Last year’s final was also a nail-biter as Abu Dhabi Harlequins 2nds beat Al Ain Amblers with a golden score in extra time.
In the Conference Bottom 4 final, meanwhile, between last season’s Top 6 finalists, Amblers gained a little slice of revenge as they beat Quins 24-16.
Elsewhere on Friday, Mike Ballard praised his battling Abu Dhabi Harlequins 3rds side as they exorcised the demons of a year ago to beat Jebel Ali Dragons 3rds and lift the UAE Community League title.
Victory was down to the flair of a pair of Quins’ Frenchmen as Gwennael Pettilat bagged a late winning try, while Alexandre De Sambucy also crossed the whitewash.
De Sambucy touched down in the first half, with Joao Guerrierio converting.
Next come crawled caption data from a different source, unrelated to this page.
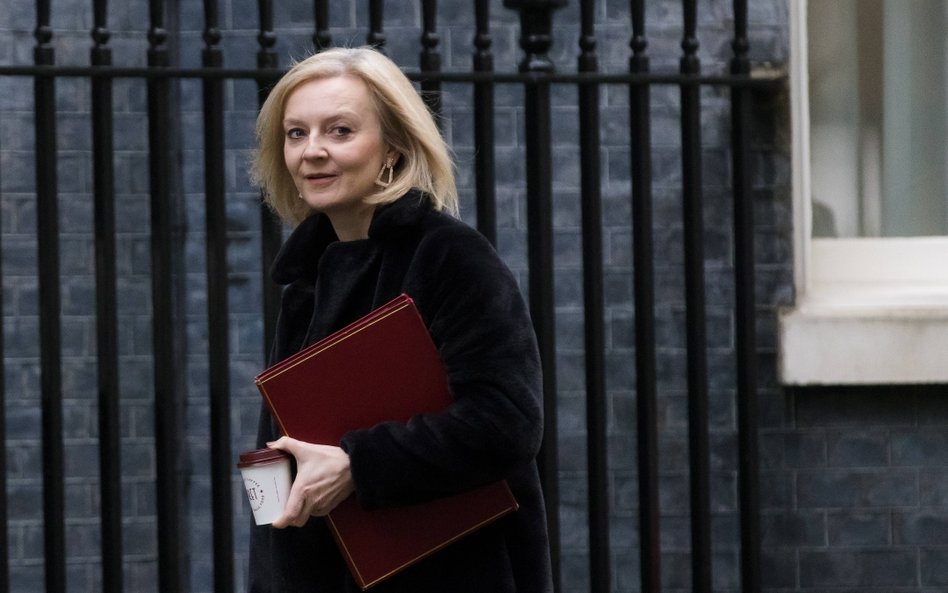 Liz Truss za Davida Frosta, czyli jastrzębie rządzą w handlu w Londynie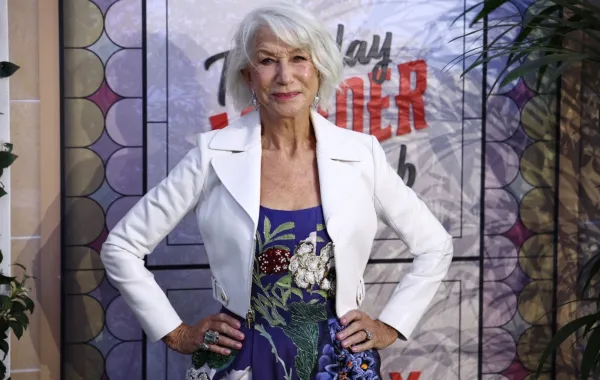 هيلين ميرين في حدائق ليستر سكوير، وسط لندن (Helen Mirren in Leicester Square Gardens, central London). مصدر الصورة: HENRY NICHOLLS / AFP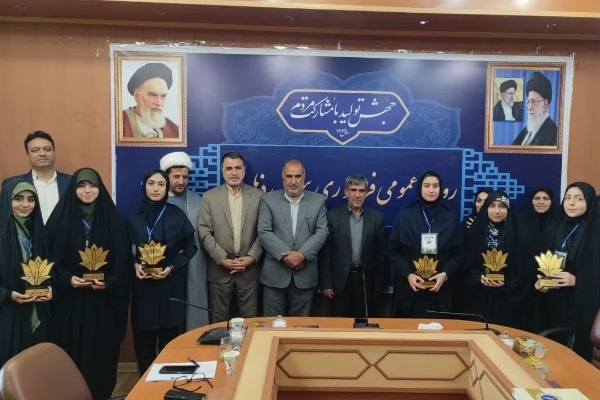 از دانش آموزان پویش ملی ایثار «من می‌نویسم» تجلیل شد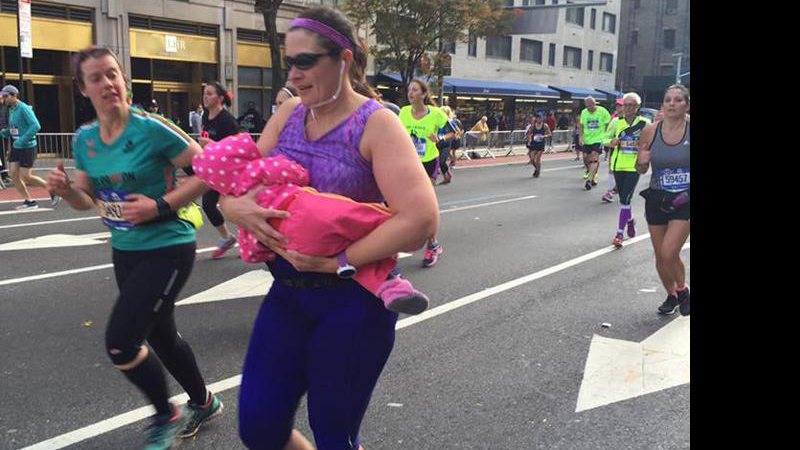 Emily Sabato amamentou a filha Hadley por dez quarteirões durante a maratona de Nova York - Foto: Reprodução/ Facebook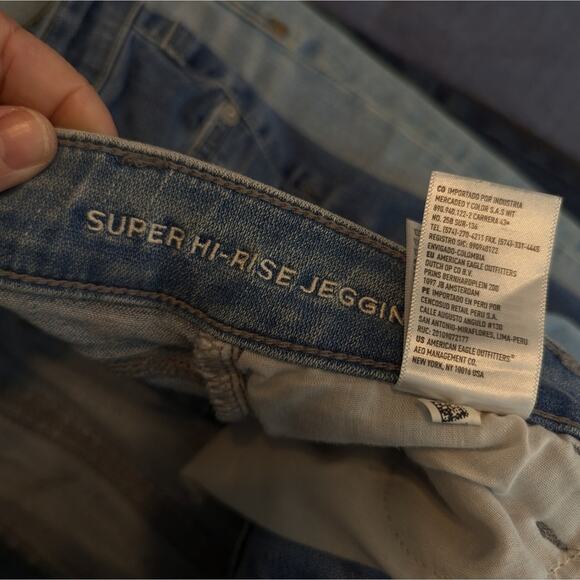 American Eagle Light Wash Super High Rise Super Stretch Jeggings Size 0 - Picture 8 of 8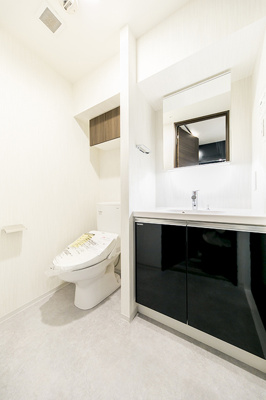 【トイレ】 | ミリアレジデンス新宿御苑 | ※写真は同タイプ住戸です。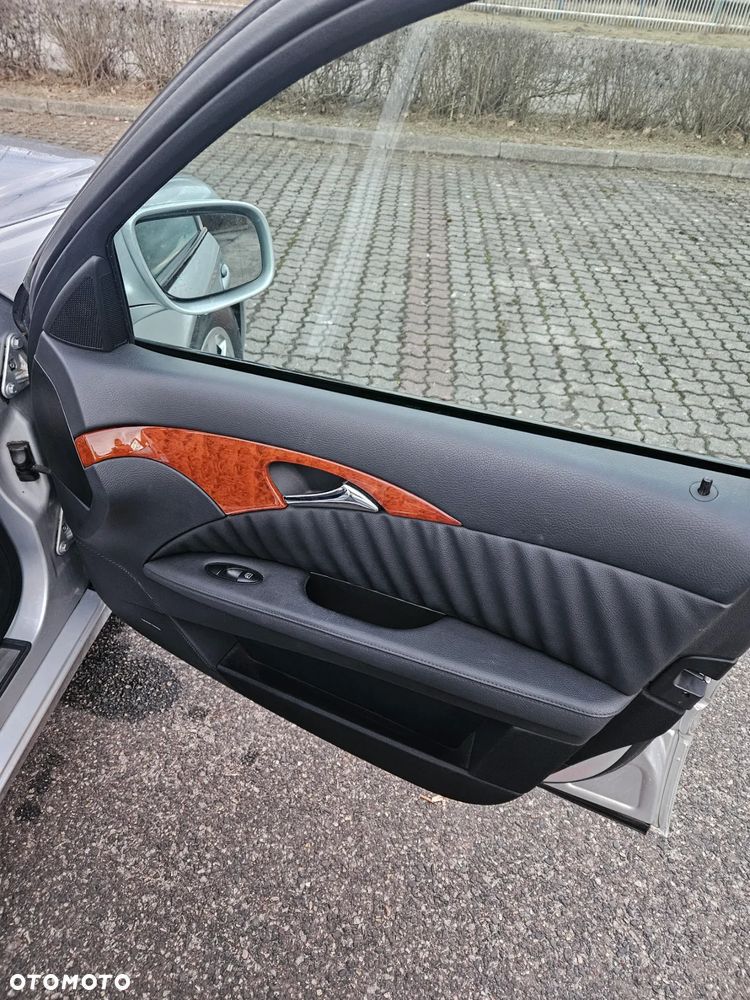 Mercedes-Benz Klasa E 280 CDI 4-Matic Avantgarde - 25
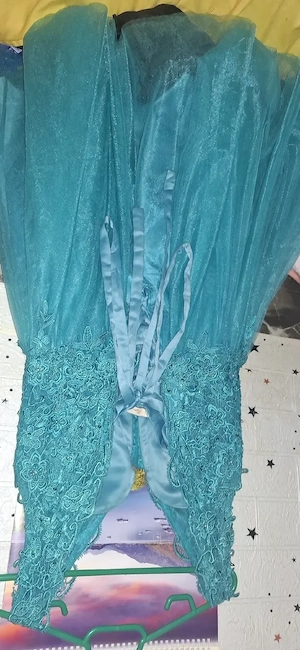 Rochie elegantă pentru evenimente si fete frumoase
He then added a penalty before Pettilat scored in the 70th minute, either side of Charles Abban and Ian Overton scoring to level the game for Dragons.
Ballard said: “The boys battled. It really epitomised club rugby, having teenagers playing alongside vets and everyone in between.
“I don’t think a training session went by without somebody mentioning the Dragons. They are a strong club, and we knew that the title was going to go through Jebel Ali.
“The boys are going to be talking about this one for a long time. The Dragons put out a strong side and it was a very physical game, but our boys didn’t give an inch.
“Above all, it was a great day for the club. A lot of our guys coach in the junior section, so they were here at 08:00 winning championships with the Under-9s and Under-11s, and then they came out and got one for themselves.”